The Pittsburgh-based company, which has a second Chicago facility on Lake Calumet on the South Side, said it was just one of at least 27 companies in the area that handles manganese.
"Regarding our June data, hotter weather generates dust from all types of sources and we expected that we might see the highest monitor readings during the summer, including readings of metals that are not in any of S.H. Bell’s materials," spokeswoman Alyssa Pistininzi said in a statement. "While we are still seeing the impact of offsite sources on monitor readings, we are examining our operations to identify other potential causes. To get a full picture, we need to analyze the data that will be available once our state-of-the-art large dust collectors become operational this month."
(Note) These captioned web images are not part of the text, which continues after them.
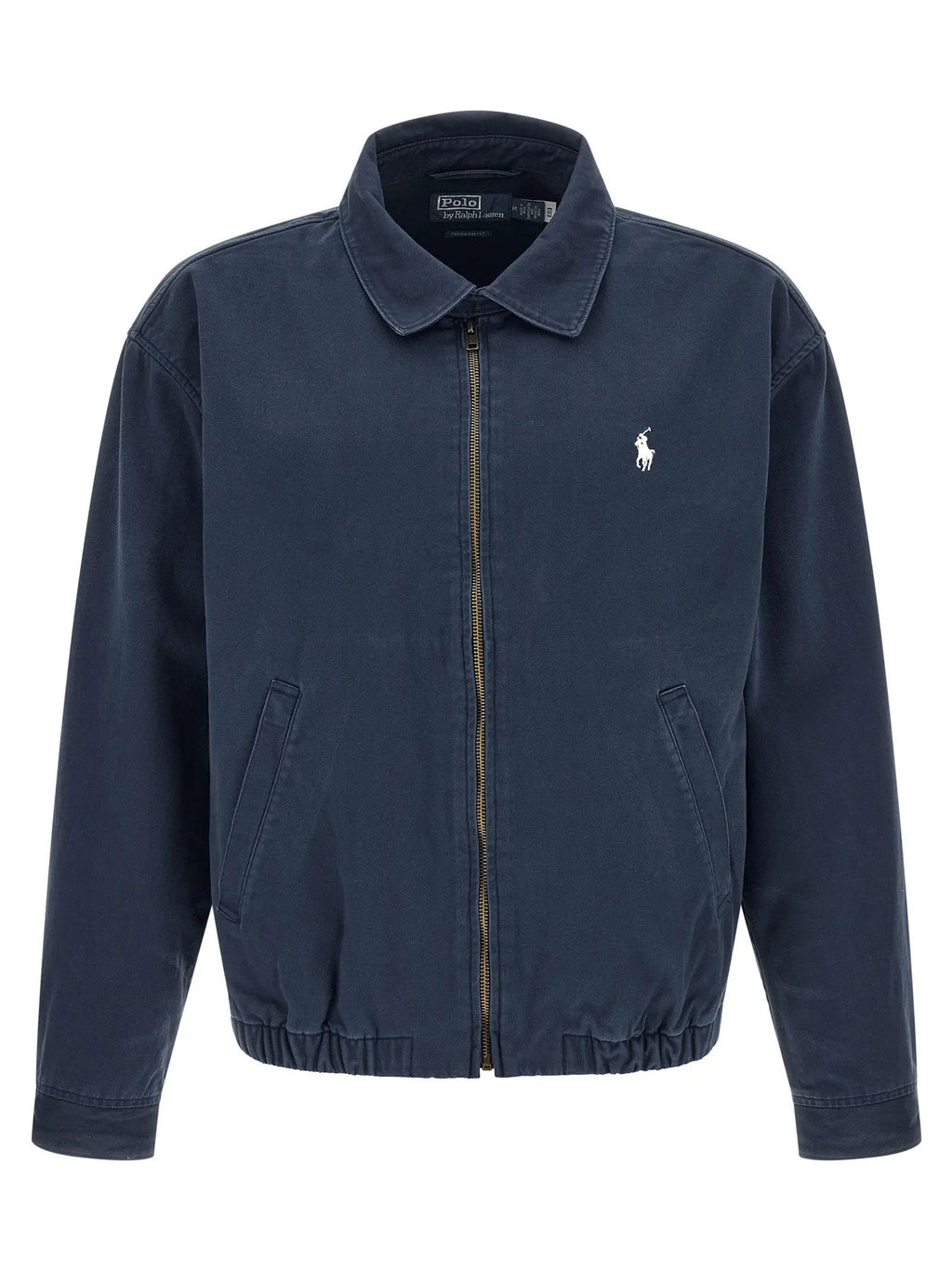 Polo Ralph Lauren Blue Cotton Full-Length Jacket
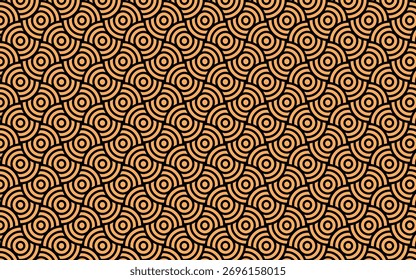 
Patrón de anillos Abstractas de colores - Fondo decorativo de Vector editable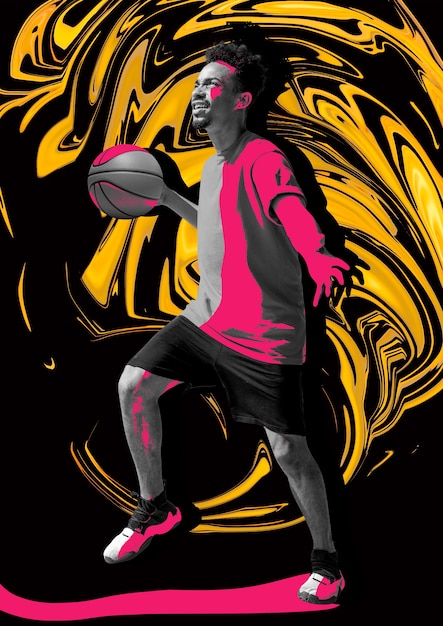 Diseño de collage de baloncesto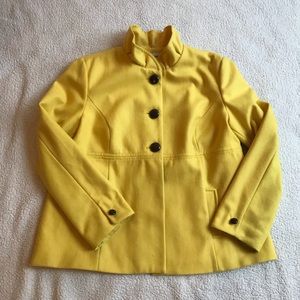 Yellow Wool Blend Coat by Old Navy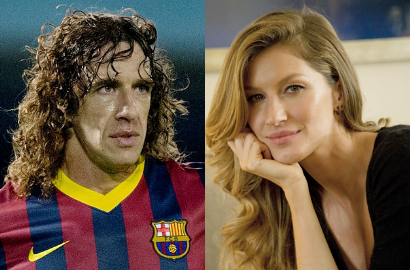 Carles Puyol Ditemani Model Cantik Serahkan Trofi Piala Dunia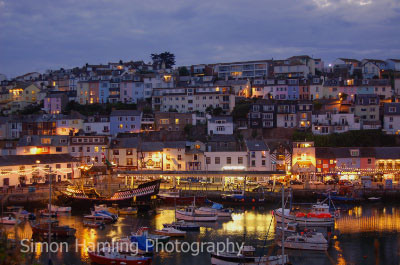 Brixham Harbour at Dusk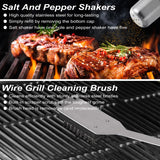 POLIGO 29 PCS BBQ Grill Accessories Stainless Steel BBQ Tools Grilling Tools Set with Storage Bag for Christmas Dads Birthday Presents - Camping Grill Utensils Set Ideal Grilling Gifts for Men Women POLIGO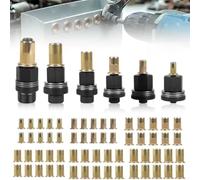 Kit di 6 pinze per rivetti e 60 dadi a pressione per installazione da M3 a M10 in metallo attrezzature agricole e retrofitting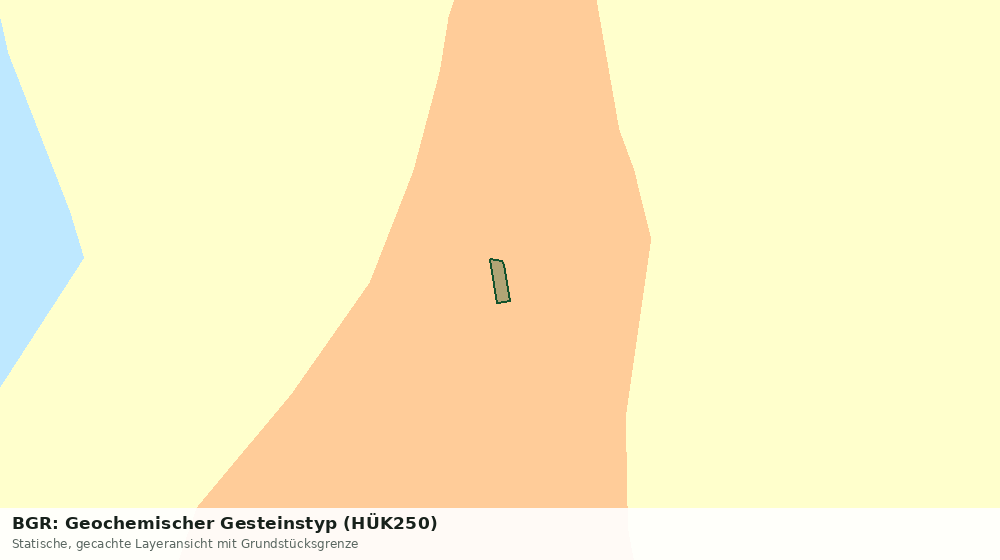 Statische Kartenansicht: BGR: Geochemischer Gesteinstyp (HÜK250)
You have free articles remaining.
Pistininzi said the company welcomed a broader study.
"It is also important to note that the minimal risk level is not intended to be an 'allowable level' or compliance or action level," she said." It also doesn’t mean there is a health threat."
Southeast Side residents have grown increasingly concerned with air pollution that's resulted from the bulk storage of materials like petcoke on the Calumet River. They successfully lobbied for a crackdown on petcoke handlers after dusty clouds of the petroleum byproduct blew through their neighborhood in 2014.
“This is another example of bulk storage facilities in Chicago endangering their neighbors. Manganese is handled in many locations across the region — the data points to a problem in this facility and it needs to be addressed now. But we also need to ensure others are not exposed to this toxic dust in other neighborhoods too," the Southeast Side Coalition to Ban Petcoke, the Southeast Environmental Task Force, Moms Clean Air Force, Natural Resources Defense Council and National Nurses United said in a joint statement.